Dynamic "Scoring" In Football
September 27, 2002
A recent working paper by David Romer, entitled "It's fourth down and what does the Bellman equation say?", uses the mathematical technique of dynamic programming to analyze the value of different football strategies on fourth down. It asks the question, "given a team's field position, should it punt, kick a field goal or go for it on fourth down?"
Dynamic programming is a way to calculate the value of actions that have effects far into the future. Economists use it to look at things like a household's choice between saving and spending money and the affects those choices have from year to year. Romer applied those same mathematical principles to football. Instead of money, it's points.

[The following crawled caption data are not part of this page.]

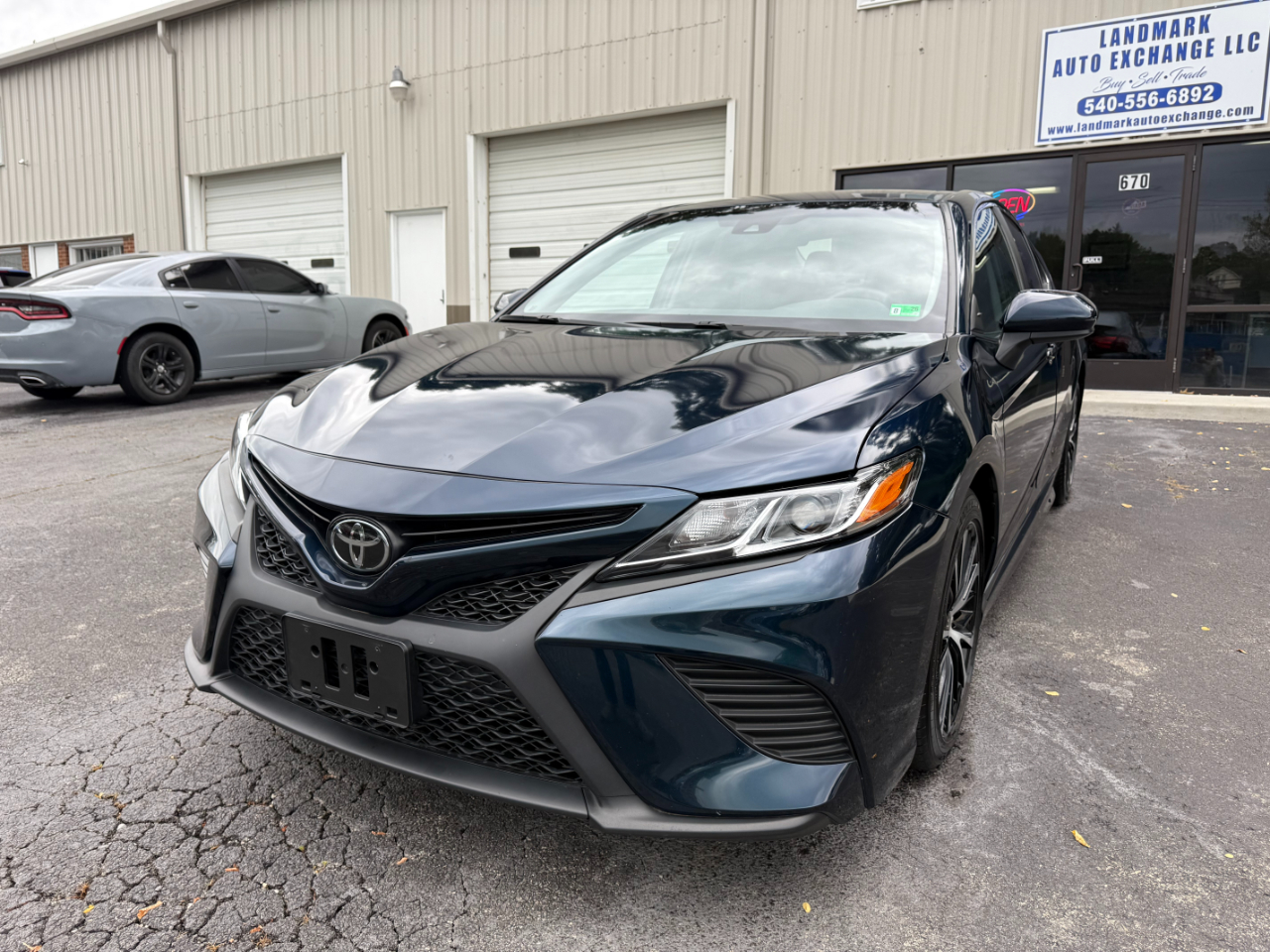 Toyota Camry SE 2020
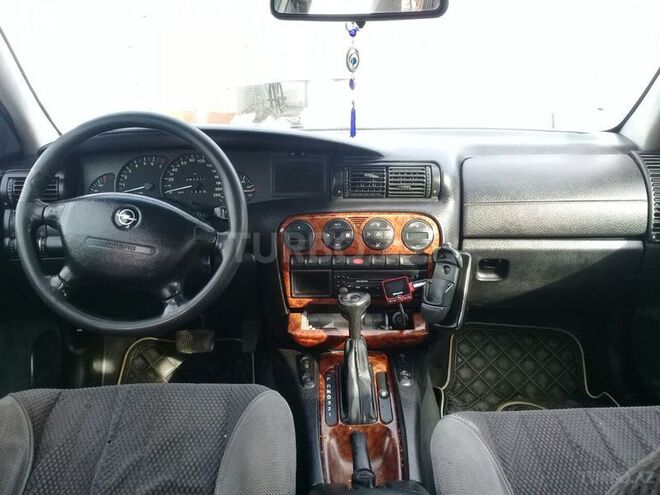 Opel Omega 1996, 376,000 km - 2.0 л - Şirvan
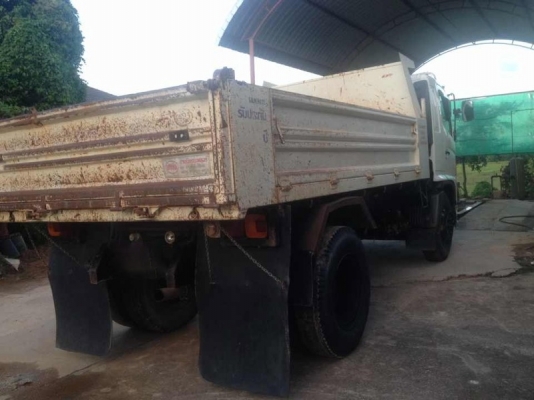 รถฮีโน่  6  ล้อดั้ม  220 แรงม้า.  ปี 54  ( รถวิ่ง 18x,xxx กม. )  สนใจติดต่อ 081 - 6079515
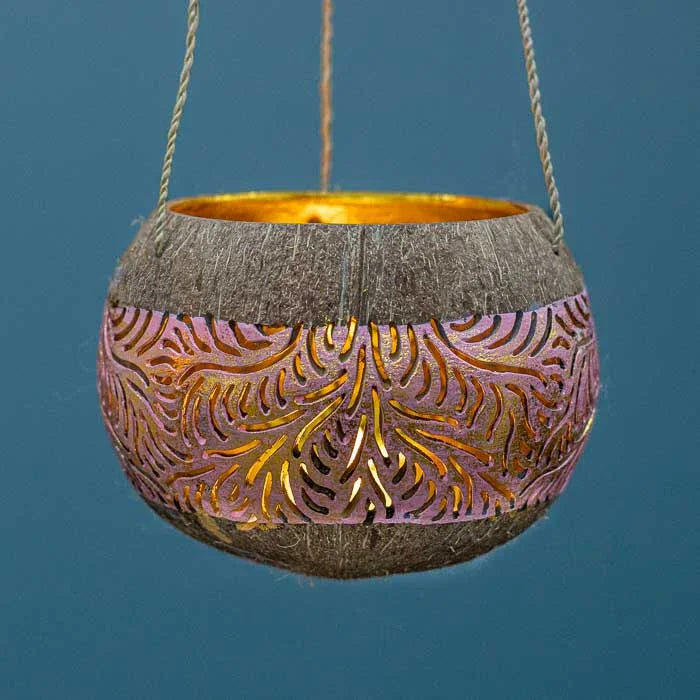 Porta-vela decorativo de parede com toque rústico e acabamento manual.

Romer used data from over 700 regular-season NFL games to estimate the value of expected future points of getting a first down at each yard line on the field.
By these calculations:
- The value of a first-and-10 on a team's own 1-yard line (99 yards away from a score) is minus 1.6 points
- Moving up the field, the value increases, hitting zero at the 15-yard line.
- From there, each gain of 18 yards is worth about a point in the final score.

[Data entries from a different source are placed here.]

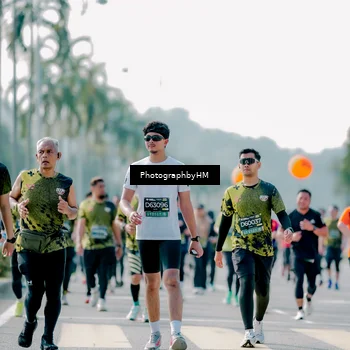 Runner Photo 6583226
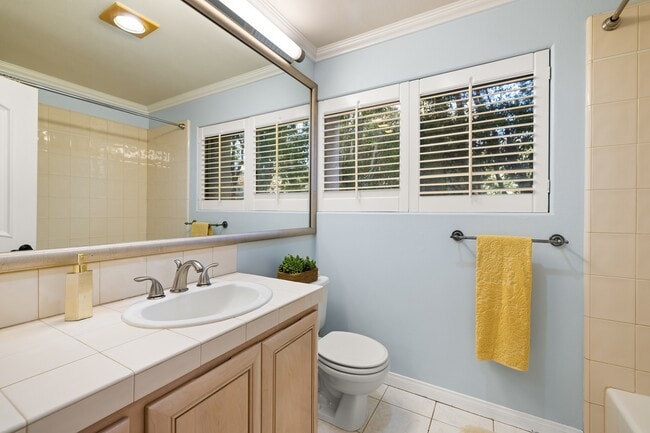 Photo - 245 Por La Mar Cir Unit 0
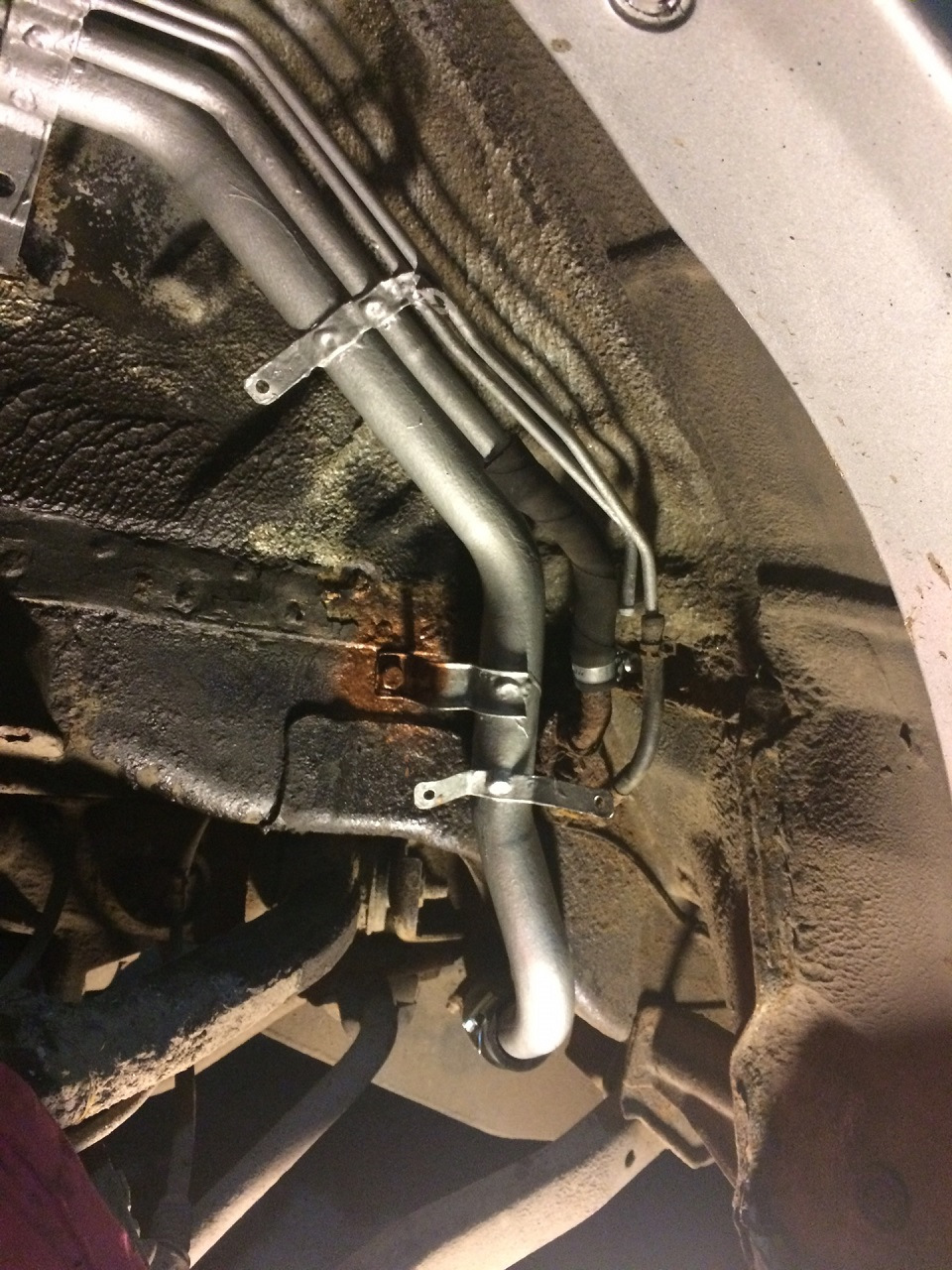 Новая горловина на месте. Однако обломал мелкие трубки, которые уходят за лонжерон. блин. теперь это место вообще придется переделывать. — Mitsubishi Pajero (3G)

Romer concludes that teams should be quite aggressive, but that they almost always kick on fourth down.
The study suggests that teams tend to overestimate the value of field position, compared with keeping the ball, on their end of the field -- but underestimate it, compared with the value of a field goal, on the other team's end of the field.
In 1,575 fourth-down situations where Romer concluded that coaches would have been better off going for it, they did so seven times.
Source: Virginia Postrel, "Strategies on Fourth Down, From a Mathematical Point of View," The New York Times, September 12, 2002; Kevin Sherrington, "Coach, it's OK to go for it on fourth down," Dallas Morning News, September 2, 2002; David Romer, "It's Fourth Down and What Does the Bellman Equation Say? A Dynamic-Programming Analysis of Football Strategy," NBER Working Paper No. 9024, June 2002, National Bureau of Economic Research.